Il a été interpellé lors de sa déambulation sur pratiquement tous les sujets brûlants du moment, notamment pour le monde agricole: retraites, Politique agricole commune (Pac), pesticides, "gilets jaunes", accords commerciaux internationaux, "agribashing"...

"Rien ne doit justifier des actions contre nos paysans, rien. Et je serai intraitable sur le sujet", a assuré M. Macron.

Un agriculteur l'a remercié de n'avoir "rien lâché hier soir": le chef de l'État est revenu vendredi de Bruxelles, où se négociait le budget de l'Union européenne pour la période 2021-2027, sans accord sur le maintien de l'enveloppe de la Pac dont il a fait sa priorité, car les 27 pays de l'Union n'ont pas pu s'entendre.

"La Pac ne peut pas être la variable d'ajustement du Brexit", a martelé devant les agriculteurs le président, applaudi plus tard en arrivant sur le stand de la Commission européenne.

La promesse de recevoir des "gilets jaunes"

Il était accompagné du ministre de l'Agriculture Didier Guillaume pour l'ouverture de ce Salon qui se tient jusqu'au 1er mars. Le chef de l'État a fait un passage obligé auprès de l'égérie charolaise, la vache Idéale, arrivée la veille du Rhône avec son éleveur.

Privés de débouchés rémunérateurs et dépendants d'un acteur tout-puissant, le groupe d'abattoirs Bigard, les éleveurs bovins tentent actuellement de développer leurs exportations, aidés par l'Élysée qui les a soutenus lors du dernier voyage d'Emmanuel Macron en Chine. "Vous êtes dans la main de Bigard (...), vous devez mieux vous organiser entre vous", a lancé le président à des éleveurs.
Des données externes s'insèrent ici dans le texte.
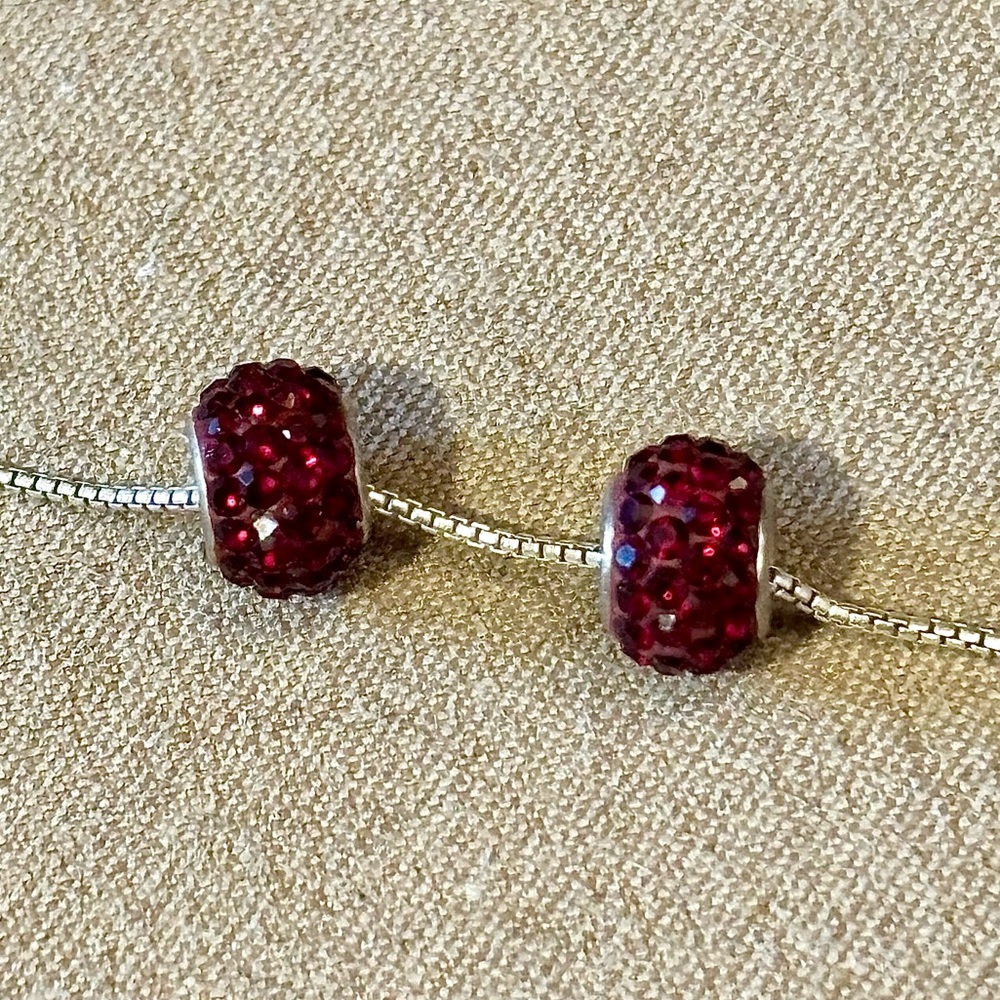 Two mini-beads covered with dark red crystals Fit MINI holders ONLY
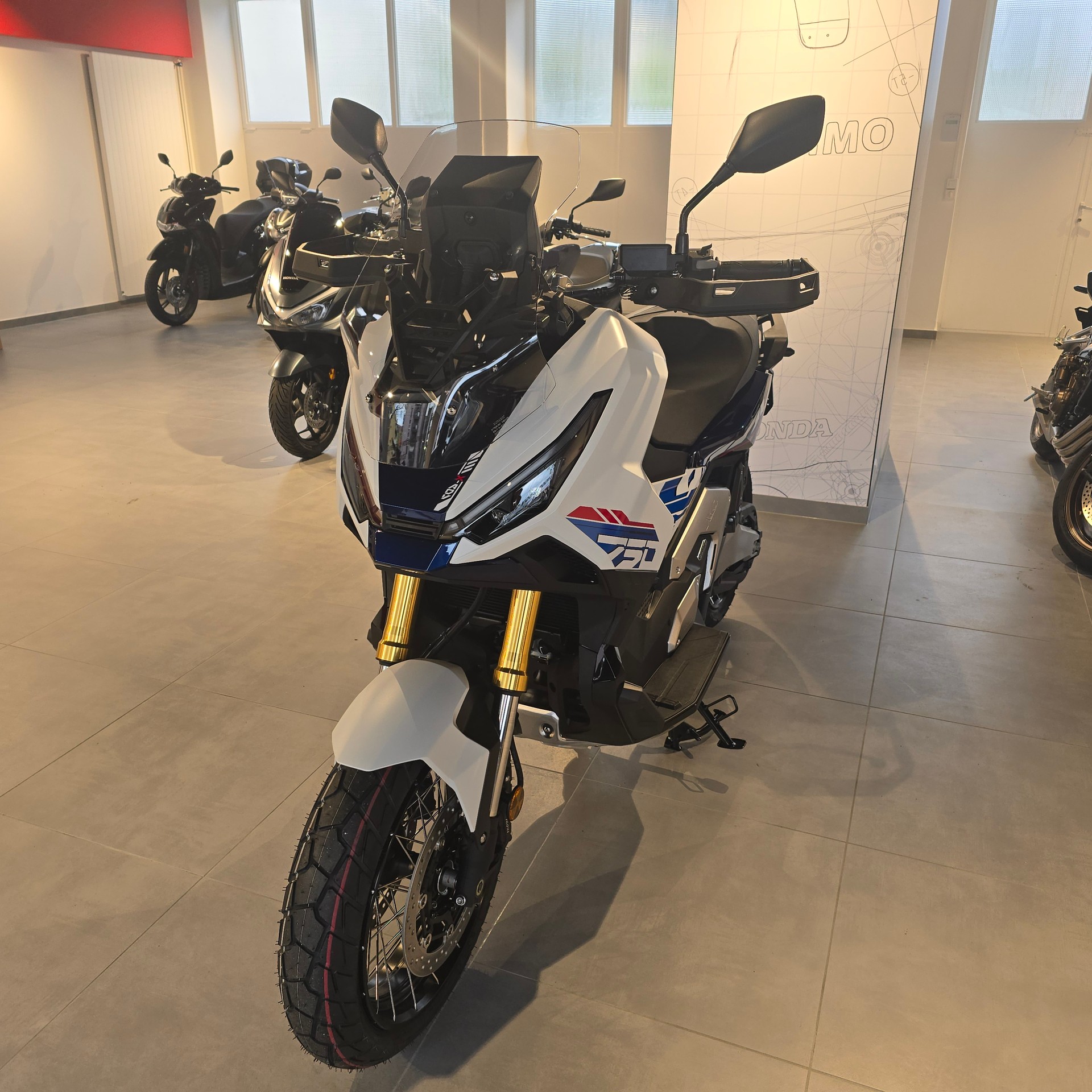 HONDA X-ADV 750-image-0
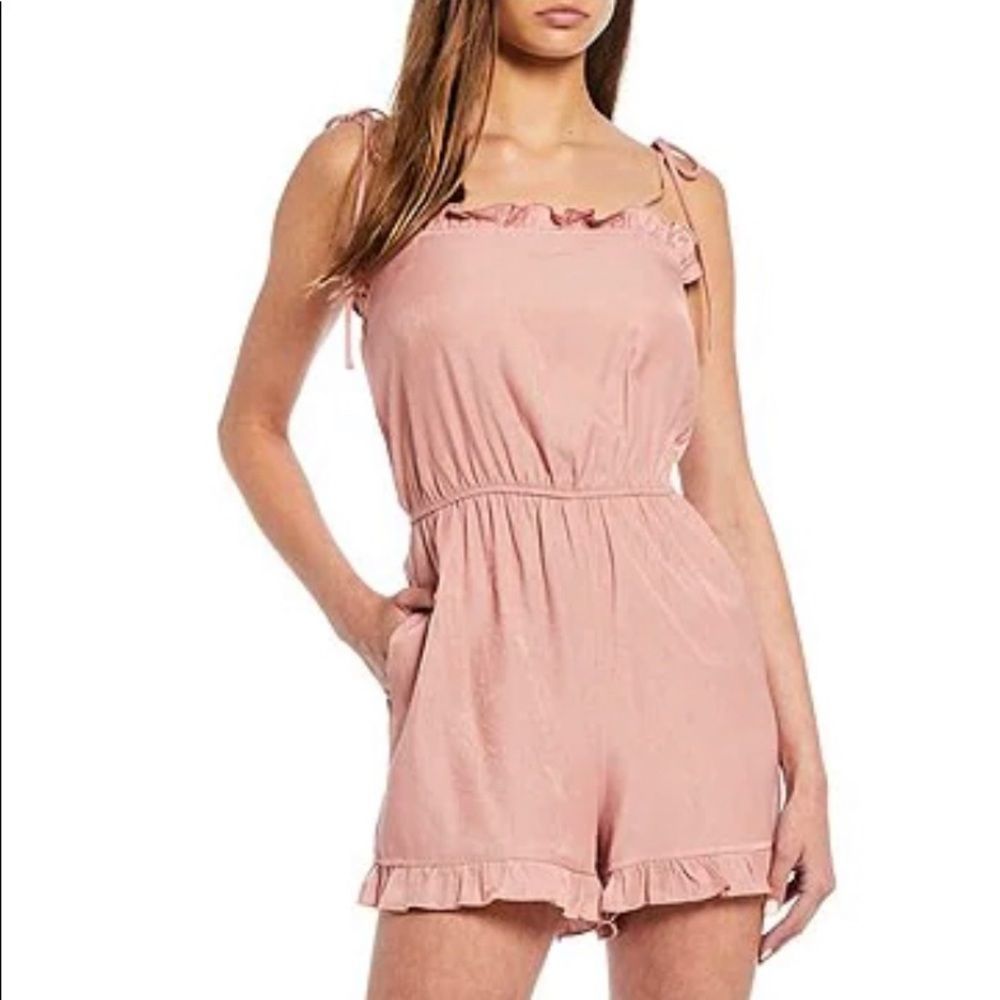 XtraordinaryTie-Spaghetti Strap Ruffled Tencel Romper XL with pockets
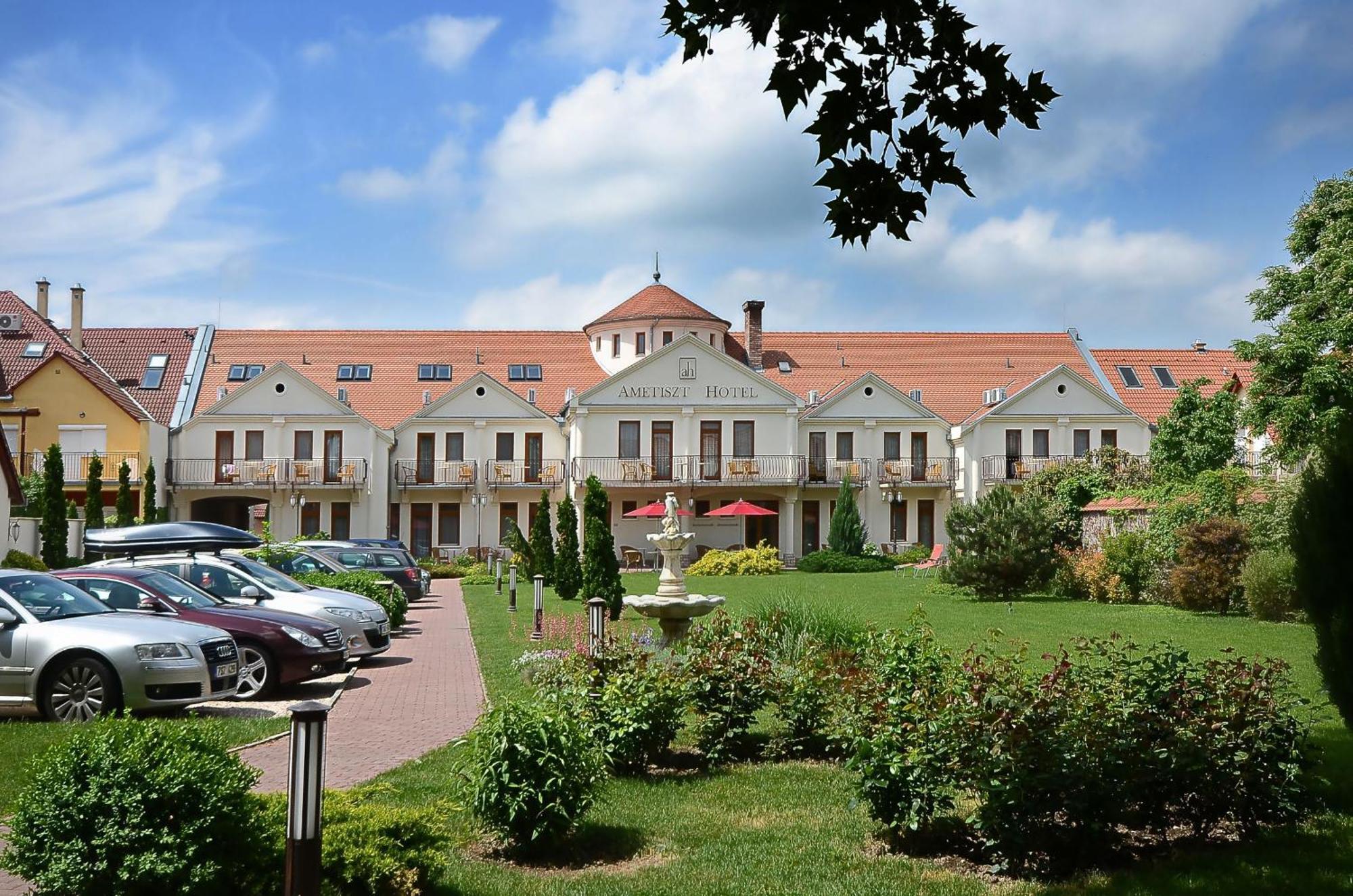 Ametiszt Hotel Harkány Exteriör bild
Le président s'est entretenu avec des céréaliers et devait rencontrer aussi des viticulteurs, touchés par des sanctions douanières punitives américaines et qui réclament un fonds de compensation de 300 millions d'euros pour couvrir le manque à gagner sur leurs exportations aux Etats-Unis, leur premier client, ou encore les pêcheurs que le Brexit risque de priver d'une large part de leur gagne-pain.

Emmanuel Macron a promis samedi de recevoir à l'Élysée un groupe de "gilets jaunes", ce qui serait une première, lors d'un vif échange avec une femme l'interpellant sur les retraites, le Référendum d'initiative citoyenne (Ric) et les violences policières, et qui affirmait avoir participé aux 67 samedis de mobilisation des "gilets jaunes" depuis novembre 2018.

"Vous me structurez un groupe et je vous reçois sans problème, moi je suis pour le dialogue. On se prend une heure et on discute", lui a dit le chef de l'État.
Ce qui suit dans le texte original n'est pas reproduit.